The National Party decisively won the 2014 election, taking the Party Vote in all but the poorest of Christchurch suburbs. While National polled well even in Christchurch's more earthquake-affected Eastern suburbs, National polled well everywhere.
Take 2008, 2011, and 2014 polling-place election data. Combine it with Census data for the meshblocks forming the natural catchment for each polling place. Predict National's 2008 party vote on the basis of underlying demographic characteristics. See whether changes in those characteristics predict changes in local-level National Party support in 2011 and 2014 for areas outside of Christchurch.
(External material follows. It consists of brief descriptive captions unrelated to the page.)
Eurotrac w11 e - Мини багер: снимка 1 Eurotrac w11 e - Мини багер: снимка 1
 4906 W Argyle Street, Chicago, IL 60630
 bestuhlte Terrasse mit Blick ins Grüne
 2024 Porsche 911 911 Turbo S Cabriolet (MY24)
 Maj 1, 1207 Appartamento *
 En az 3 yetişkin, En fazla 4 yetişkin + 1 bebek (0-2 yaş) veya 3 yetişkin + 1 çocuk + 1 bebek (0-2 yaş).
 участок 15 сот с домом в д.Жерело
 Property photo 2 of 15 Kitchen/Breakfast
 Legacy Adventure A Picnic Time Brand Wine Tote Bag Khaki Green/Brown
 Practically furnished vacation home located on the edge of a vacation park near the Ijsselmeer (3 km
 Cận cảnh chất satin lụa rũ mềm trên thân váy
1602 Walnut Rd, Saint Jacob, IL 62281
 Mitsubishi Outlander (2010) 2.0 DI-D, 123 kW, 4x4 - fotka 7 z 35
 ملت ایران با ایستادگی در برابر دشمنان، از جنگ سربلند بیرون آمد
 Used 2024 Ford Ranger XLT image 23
Then, add in CERA data on land earthquake status in Christchurch as additional explanatory variable for Christchurch in 2011 and 2014. Christchurch's poorer neighbourhoods were also its more quake-affected ones. Was voting in quake-affected poorer Christchurch neighbourhoods substantially different from voting in poorer Auckland or Wellington neighbourhoods?
Can we reasonably interpret Christchurch's pro-National vote as endorsement of the handling of the rebuild? If more quake-affected polling places returned a higher-than-otherwise-expected National vote, then perhaps we can. If National fared more poorly than expected in the more quake-affected polling places, then perhaps not. You could also exploit split-ticket voting here. Informal Twitter discussion after the election suggested Labour voters would support their local Labour MP while giving their Party Vote to National as expression of disapproval with the Labour leadership or of support for National's overall policy agenda. Was split-ticket voting in Christchurch different from split-ticket voting elsewhere, correcting for the pre-quake Christchurch split-ticket vote in 2008? Was Gerry Brownlee's electorate vote stronger or weaker than we might expect for a government Minister?
If it is possible to get EQC and CERA data on the proportion of completed earthquake claims in each meshblock, that would be a fine additional variable. Finally, if you have time, give some thought to how migration from 2008 to 2014 might have affected results: would the out-migration of the worst-affected residents introduce attenuation bias?I would love to know how EQC completion rates affected National's Party and Electorate votes.